RECORDS FOR THE TASK
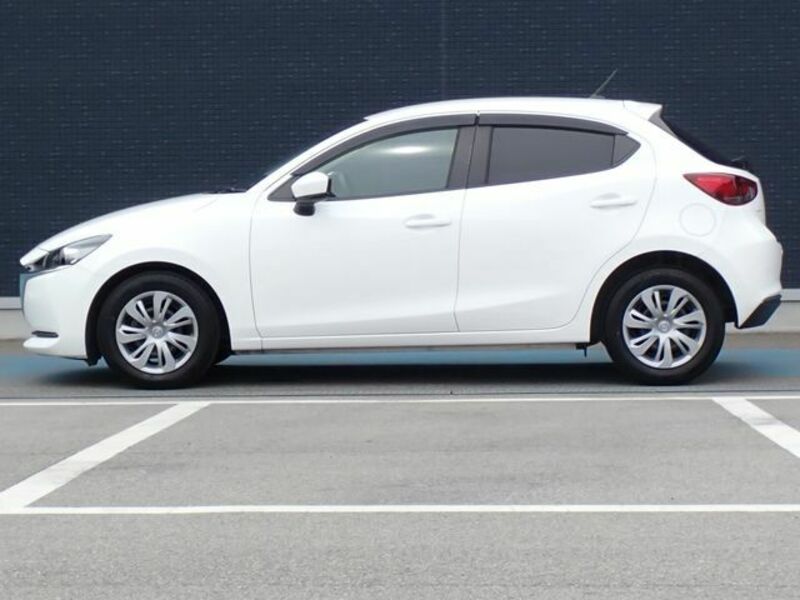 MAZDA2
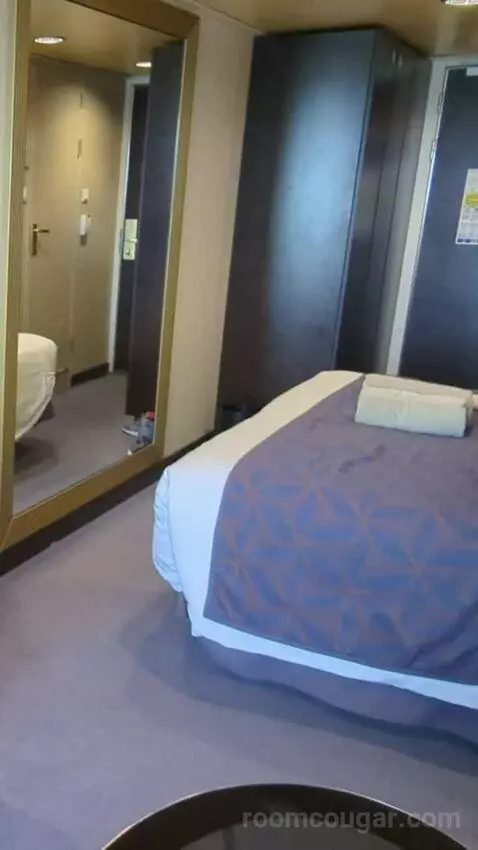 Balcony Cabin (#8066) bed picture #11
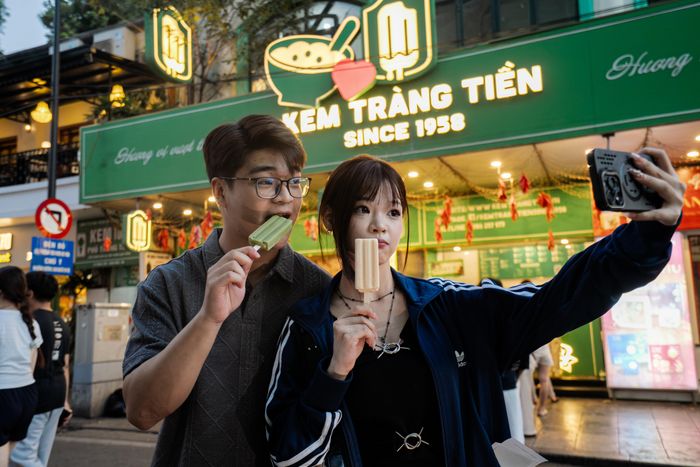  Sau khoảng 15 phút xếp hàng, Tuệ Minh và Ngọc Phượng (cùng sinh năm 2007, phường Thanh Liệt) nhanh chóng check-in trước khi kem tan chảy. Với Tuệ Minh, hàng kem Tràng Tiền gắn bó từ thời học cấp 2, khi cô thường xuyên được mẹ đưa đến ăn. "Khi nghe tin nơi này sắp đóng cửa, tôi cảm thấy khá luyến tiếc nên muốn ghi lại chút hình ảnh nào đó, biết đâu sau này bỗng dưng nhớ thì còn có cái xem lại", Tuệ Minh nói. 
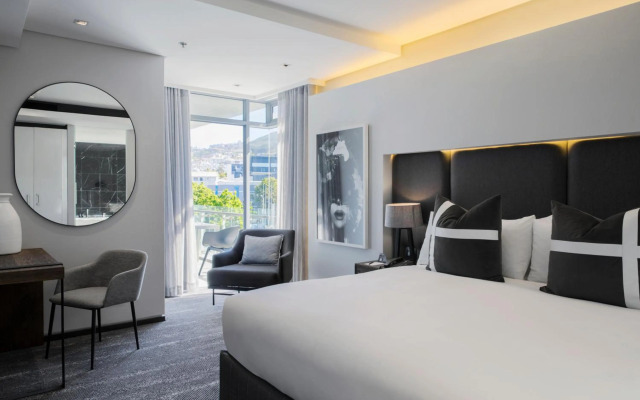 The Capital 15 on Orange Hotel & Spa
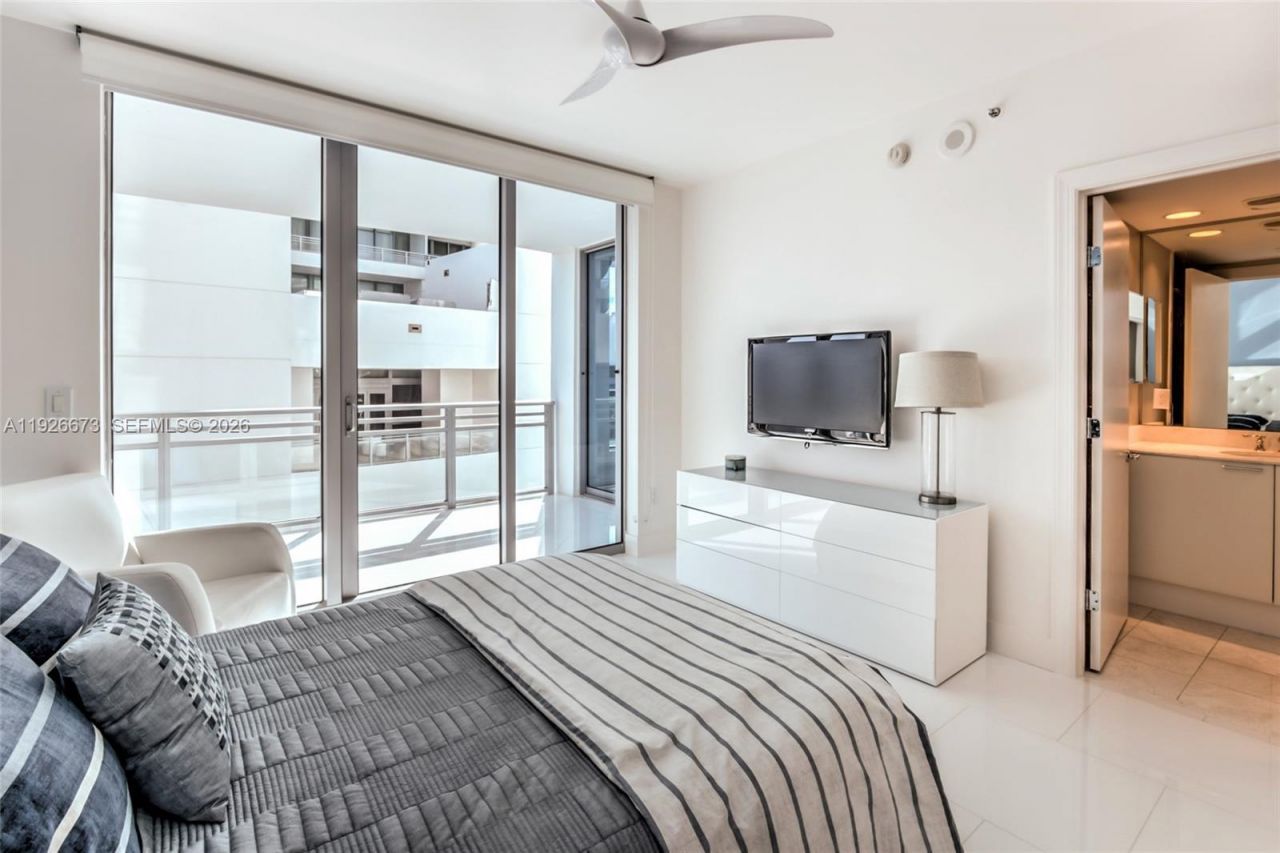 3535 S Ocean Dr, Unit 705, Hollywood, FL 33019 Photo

...

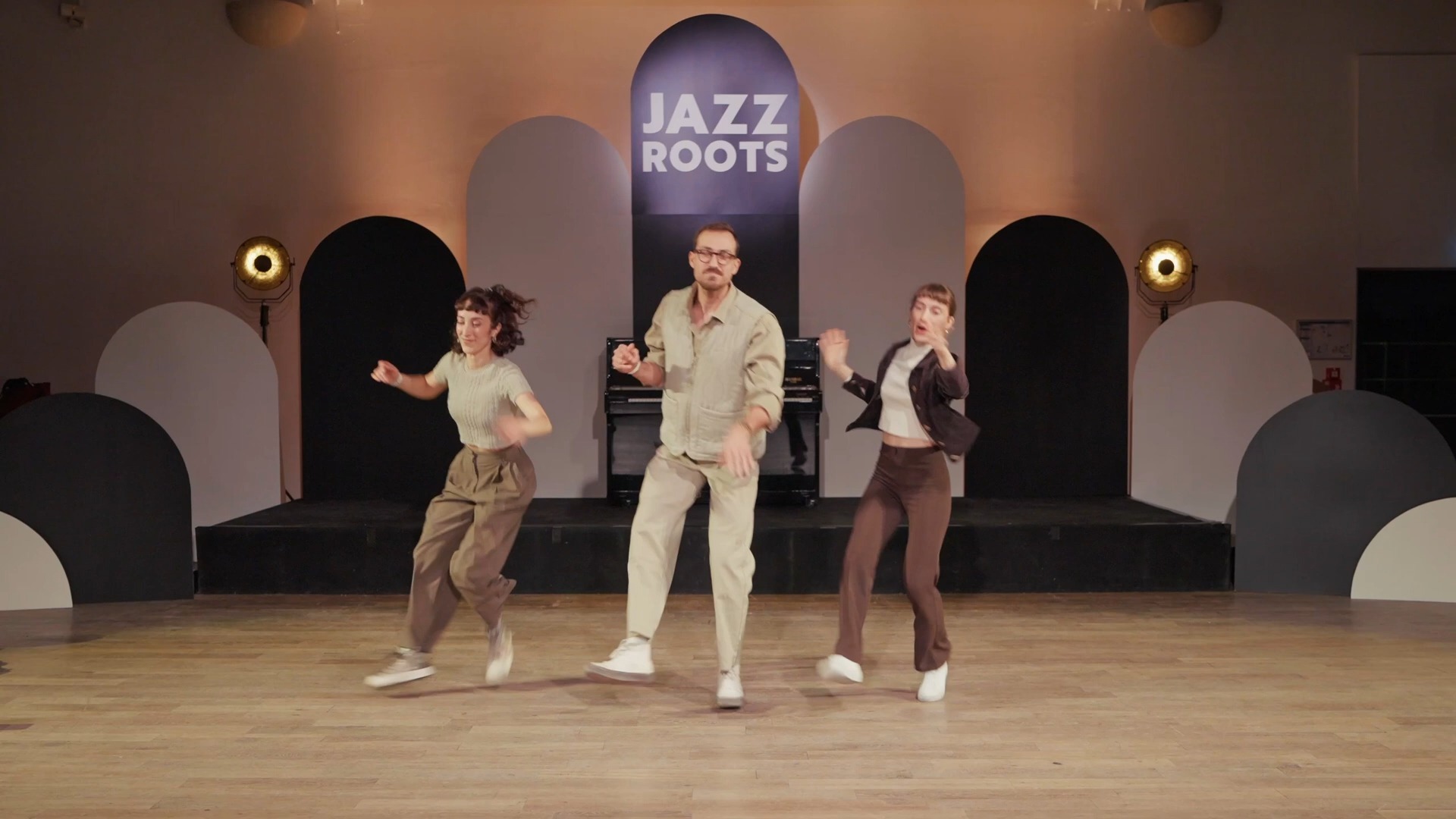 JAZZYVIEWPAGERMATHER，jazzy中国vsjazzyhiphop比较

DESCRIPTION OF THE TASK
Above are the records; copy exactly the lines from the one with "Sau khoảng 15" through the one with "3535 S Ocean", including both, and nothing more. Leave out pictures.

WRITTEN REPLY
  Sau khoảng 15 phút xếp hàng, Tuệ Minh và Ngọc Phượng (cùng sinh năm 2007, phường Thanh Liệt) nhanh chóng check-in trước khi kem tan chảy. Với Tuệ Minh, hàng kem Tràng Tiền gắn bó từ thời học cấp 2, khi cô thường xuyên được mẹ đưa đến ăn. "Khi nghe tin nơi này sắp đóng cửa, tôi cảm thấy khá luyến tiếc nên muốn ghi lại chút hình ảnh nào đó, biết đâu sau này bỗng dưng nhớ thì còn có cái xem lại", Tuệ Minh nói. 
 The Capital 15 on Orange Hotel & Spa
 3535 S Ocean Dr, Unit 705, Hollywood, FL 33019 Photo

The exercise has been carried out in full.